** RECORDS SHOWN **

--------------------------------------------------

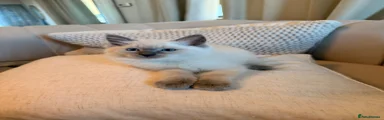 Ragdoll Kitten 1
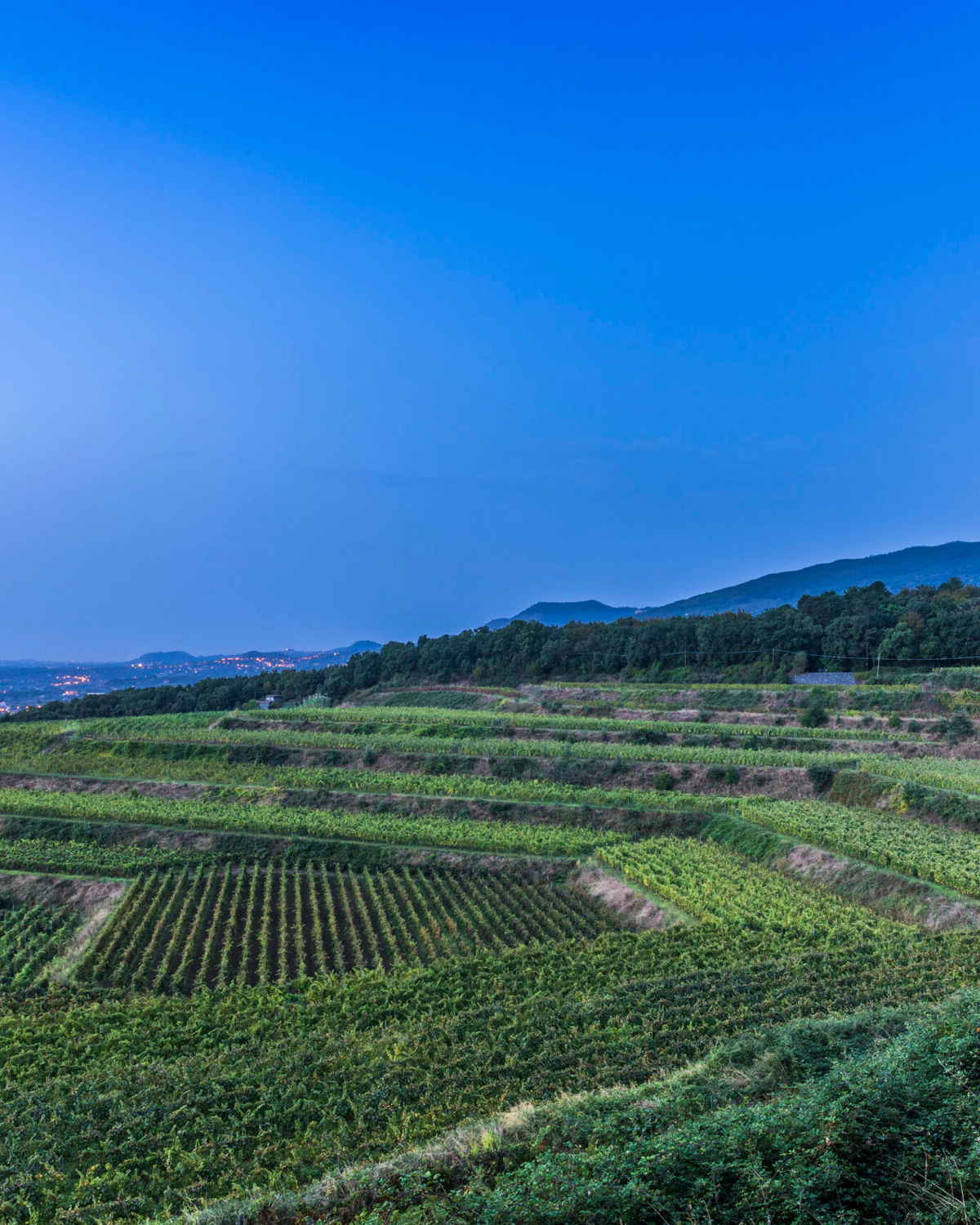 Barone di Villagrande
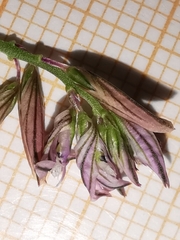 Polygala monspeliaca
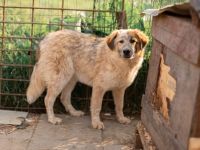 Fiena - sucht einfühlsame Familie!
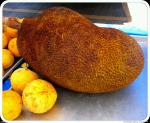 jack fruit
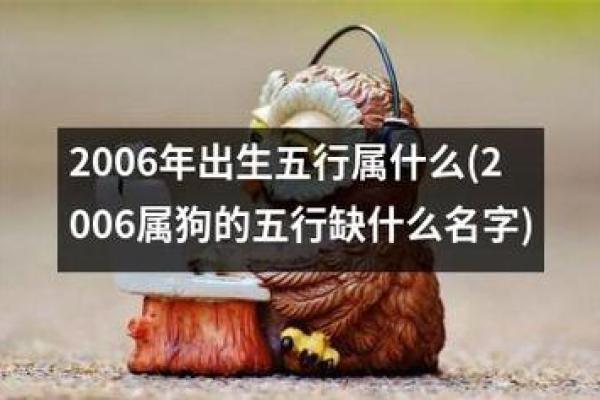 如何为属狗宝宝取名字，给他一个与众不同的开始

--------------------------------------------------

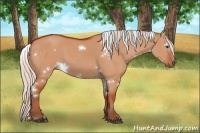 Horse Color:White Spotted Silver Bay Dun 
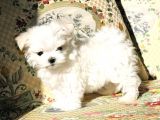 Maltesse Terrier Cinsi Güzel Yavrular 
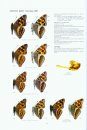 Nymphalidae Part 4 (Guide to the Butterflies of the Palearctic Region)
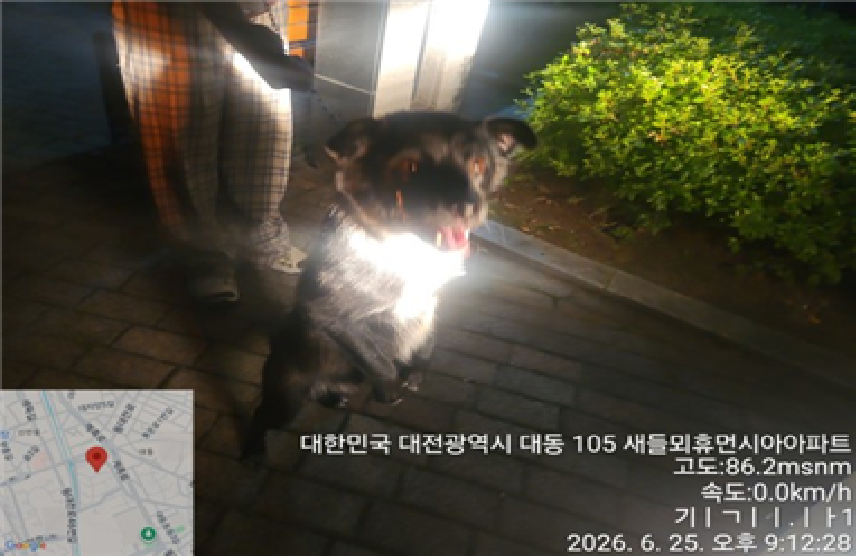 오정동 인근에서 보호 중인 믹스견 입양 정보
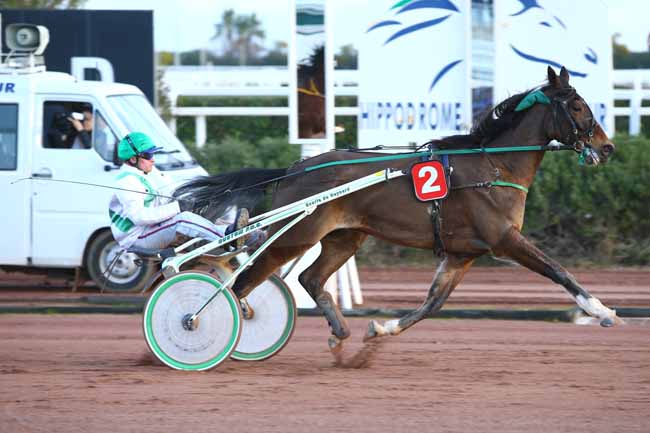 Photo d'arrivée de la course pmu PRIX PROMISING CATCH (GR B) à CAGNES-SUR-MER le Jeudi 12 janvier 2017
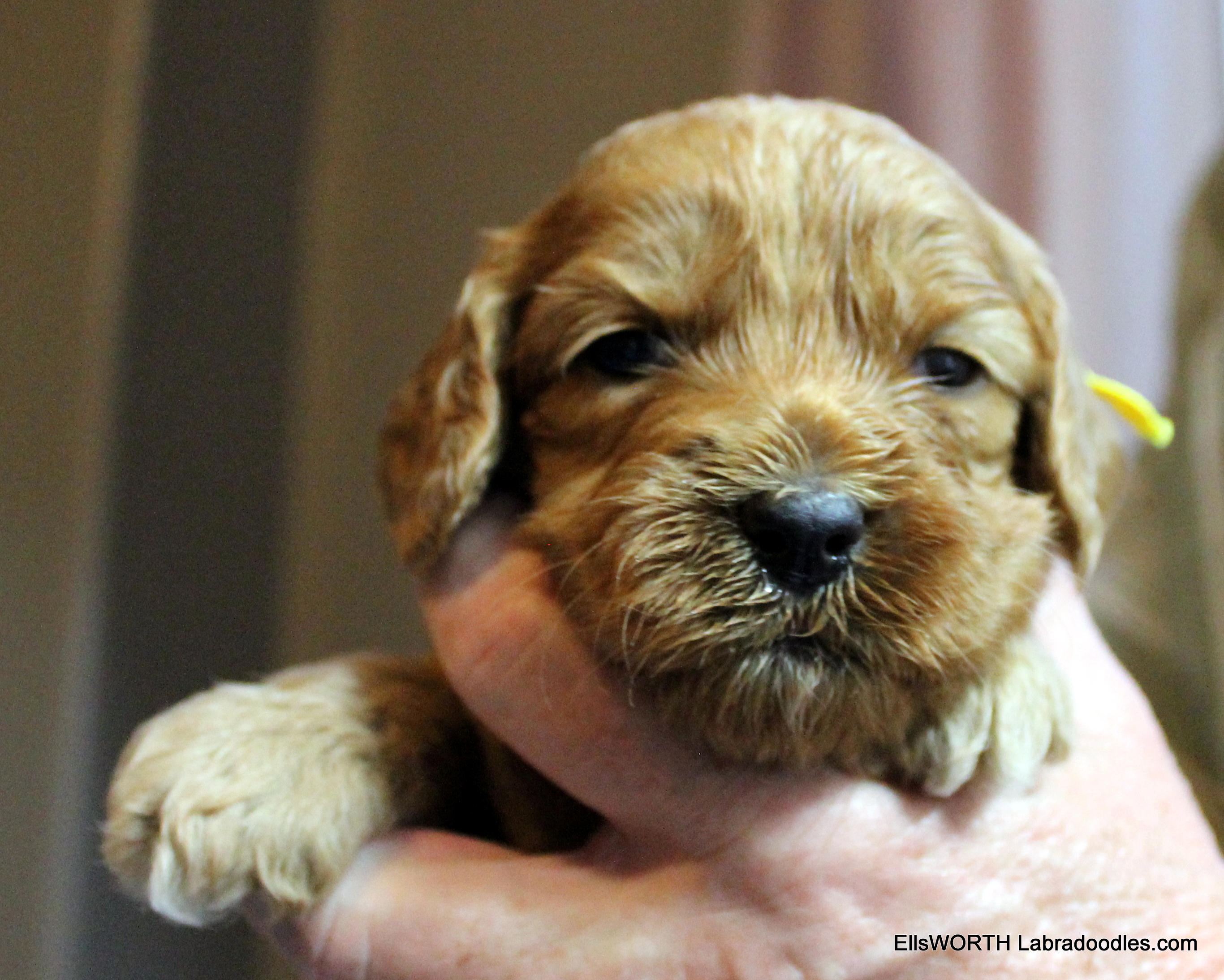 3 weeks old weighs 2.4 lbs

--------------------------------------------------

** DIRECTIONS **
The material above holds pictures; leave them out and set down exactly the lines from the line with "Polygala monspeliaca" to the line with "如何为属狗宝宝取名字，给他一个与众不同的开始", both included.

** WRITTEN RESPONSE **
 Polygala monspeliaca
 Fiena - sucht einfühlsame Familie!
 jack fruit
 如何为属狗宝宝取名字，给他一个与众不同的开始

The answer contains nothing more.